How to complete this task: Please restate the records that follow word for word, omitting any images.

[Image-text web data]
= = =

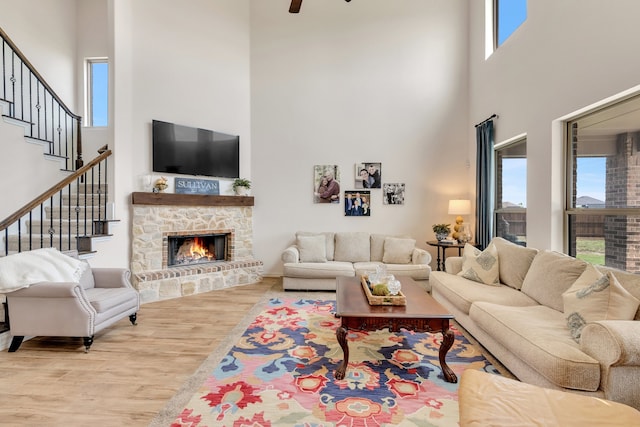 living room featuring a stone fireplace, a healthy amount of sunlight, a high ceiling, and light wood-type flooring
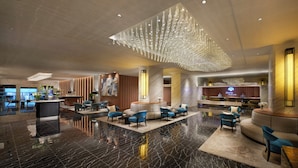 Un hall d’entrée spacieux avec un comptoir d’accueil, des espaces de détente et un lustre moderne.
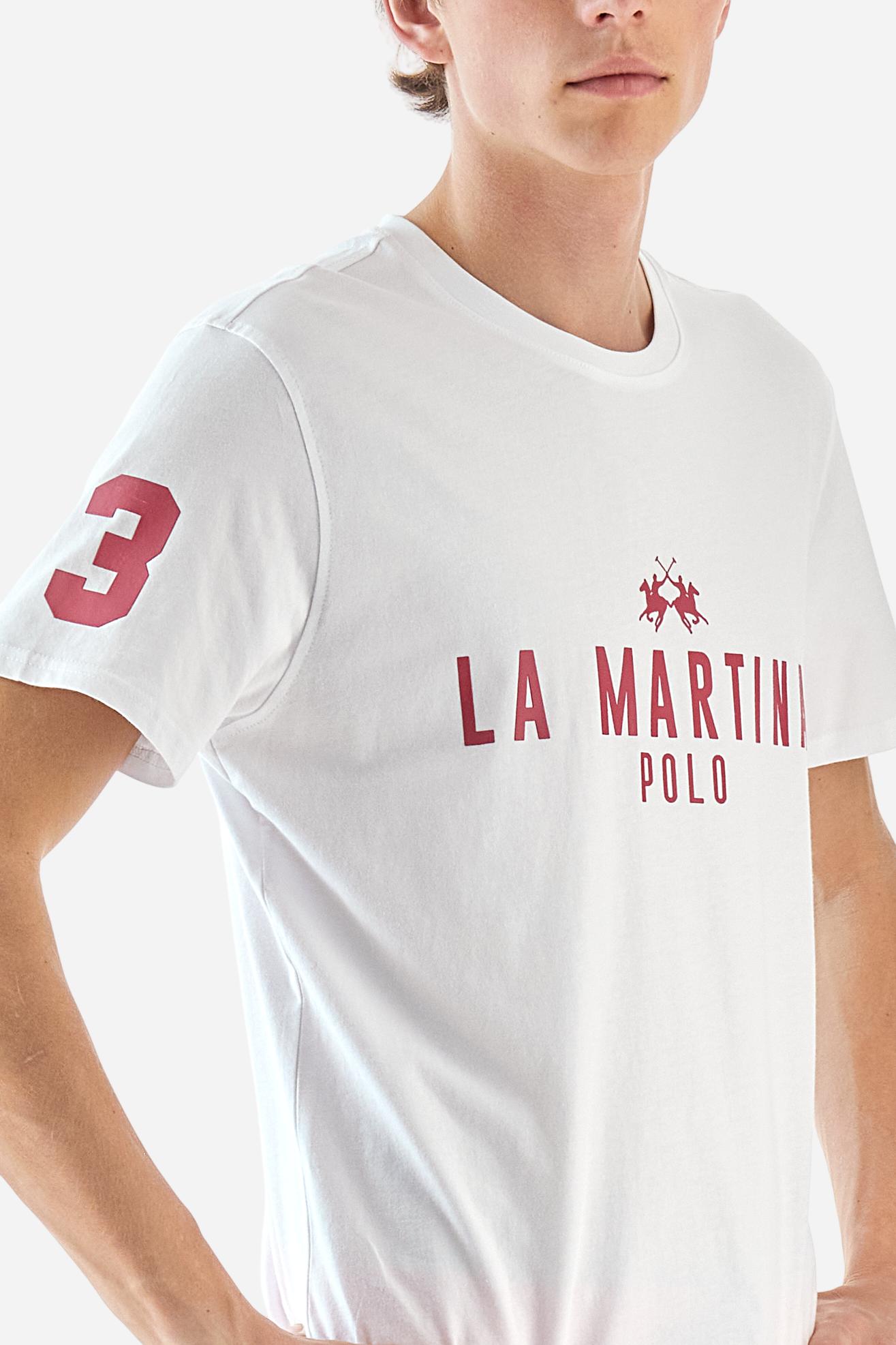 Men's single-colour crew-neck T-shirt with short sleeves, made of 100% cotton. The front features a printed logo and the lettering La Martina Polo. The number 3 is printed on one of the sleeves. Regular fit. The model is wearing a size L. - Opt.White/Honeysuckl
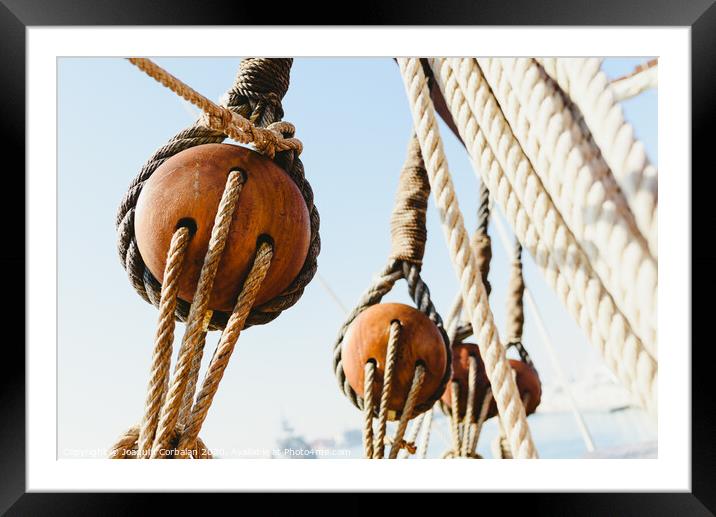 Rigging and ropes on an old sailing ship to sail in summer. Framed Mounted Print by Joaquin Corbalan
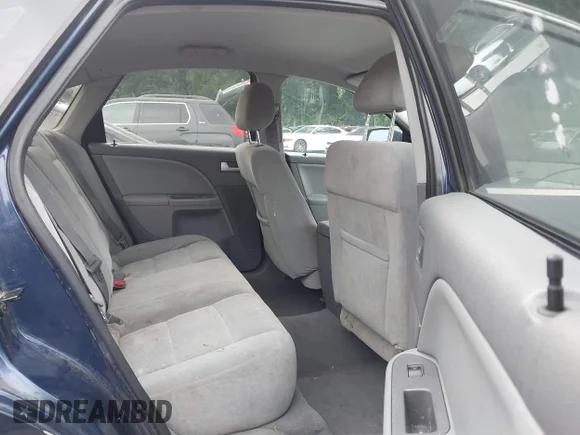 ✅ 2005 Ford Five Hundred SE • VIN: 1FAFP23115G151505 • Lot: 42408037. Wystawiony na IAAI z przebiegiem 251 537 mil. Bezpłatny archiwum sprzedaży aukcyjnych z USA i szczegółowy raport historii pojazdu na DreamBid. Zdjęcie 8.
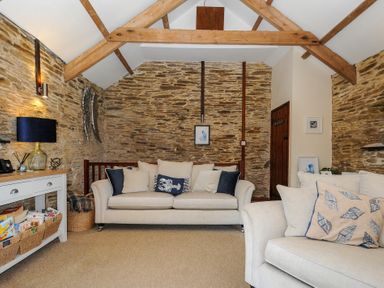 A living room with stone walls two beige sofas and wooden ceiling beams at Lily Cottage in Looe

= = =

Task response:
 living room featuring a stone fireplace, a healthy amount of sunlight, a high ceiling, and light wood-type flooring
 Un hall d’entrée spacieux avec un comptoir d’accueil, des espaces de détente et un lustre moderne.
 Men's single-colour crew-neck T-shirt with short sleeves, made of 100% cotton. The front features a printed logo and the lettering La Martina Polo. The number 3 is printed on one of the sleeves. Regular fit. The model is wearing a size L. - Opt.White/Honeysuckl
 Rigging and ropes on an old sailing ship to sail in summer. Framed Mounted Print by Joaquin Corbalan
 ✅ 2005 Ford Five Hundred SE • VIN: 1FAFP23115G151505 • Lot: 42408037. Wystawiony na IAAI z przebiegiem 251 537 mil. Bezpłatny archiwum sprzedaży aukcyjnych z USA i szczegółowy raport historii pojazdu na DreamBid. Zdjęcie 8.
 A living room with stone walls two beige sofas and wooden ceiling beams at Lily Cottage in Looe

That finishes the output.